Em 1994, com o estímulo de Jorge Amado e de outro grande amigo, o pintor Carybé, além do apoio do Estado, o Parque de Pituaçu foi inundado com suas esculturas, sendo que cerca de 1.000 obras foram doadas pelo próprio artista, e desde então virou endereço do Espaço Mário Cravo. Foi (e é) uma bela e oportuna homenagem a um homem que tanto fez por sua terra, um artista de tantas obras, um pai de quatro filhos (frutos do casamento com Lúcia, mulher de toda sua vida).

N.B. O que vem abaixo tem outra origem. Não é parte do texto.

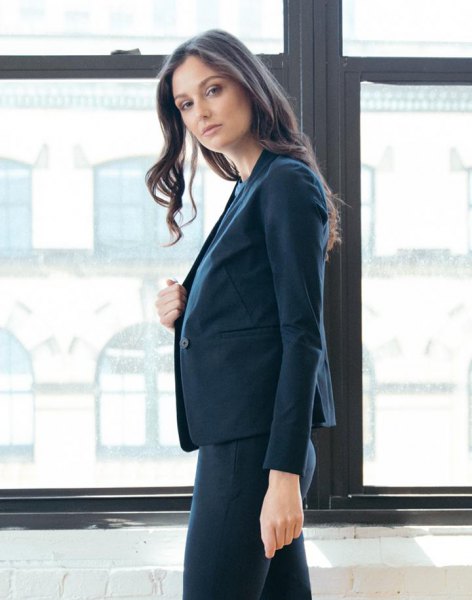 dark blue blazer jacket with white blouse and tight pants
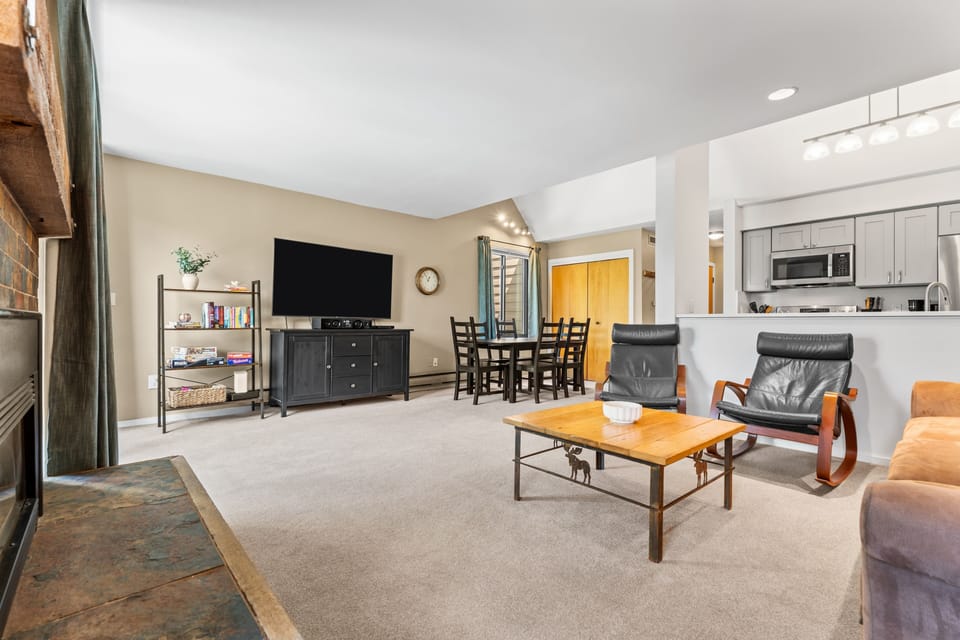 Relax in your spacious open-concept living area with comfortable seating, a cozy fireplace, and a fully equipped kitchen ready for home-cooked meals. Gather around the dining table or unwind in front of the flat-screen TV after a day of adventure.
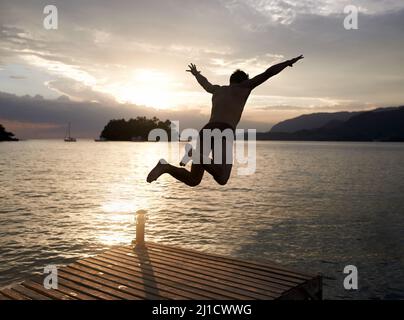 Spontanéité au coucher du soleil. Vue arrière photo d'un jeune homme qui plonge au large de la jetée dans un lac au coucher du soleil. Banque D'Images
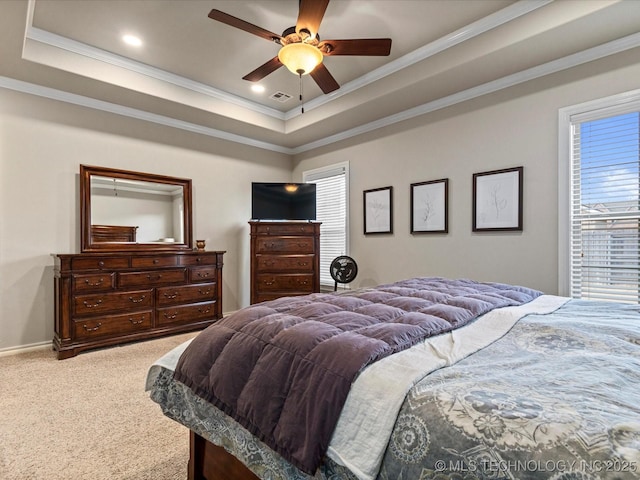 bedroom with a tray ceiling, crown molding, carpet, and visible vents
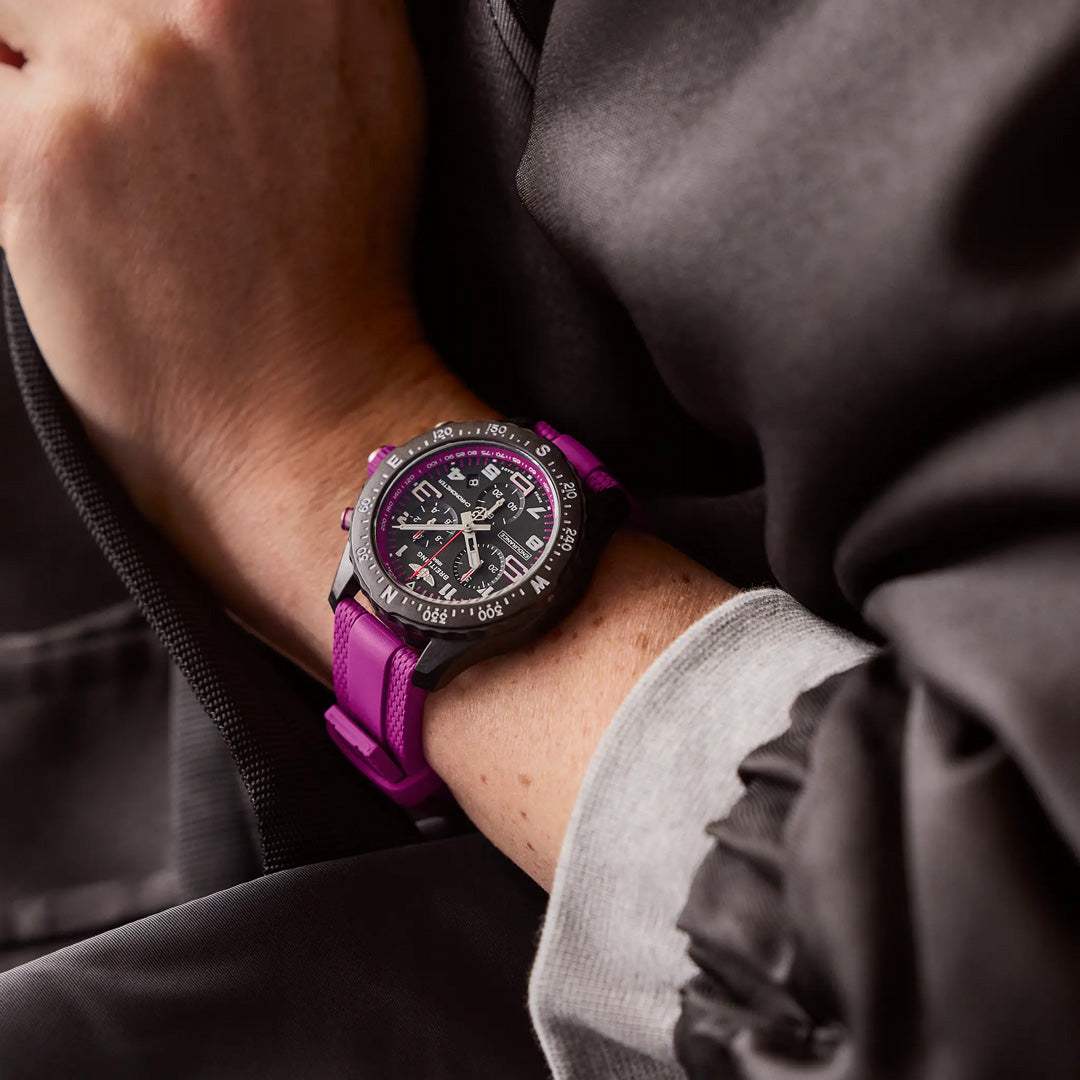 A person wearing a Breitling Endurance Pro 38, an athleisure watch with a purple strap. Its detailed black and white dial features various markers and a rotating bezel. Styled with a dark jacket, the gray sleeve beneath adds contrast to the stylish Breitlight timepiece.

“Filhos, netos e bisnetos são os elos da corrente da natureza e vida do homem em sociedade, em fim da memória de nossa história humana. Meus representantes são os irmãos em arte-fazer, colegas e participantes. E tão natural quanto a floração da semente, o broto só cresce e desenvolve se houver húmus, ambiente favorável”, reflete o artista, poeta delicado das formas, sobre si e os seus. Certa vez, Mário Cravo Jr. disse que é “herdeiro (felizmente) de uma cepa de rebeldes, poetas, sonhadores e lutadores.” Sorte a da Bahia, sorte a do Brasil.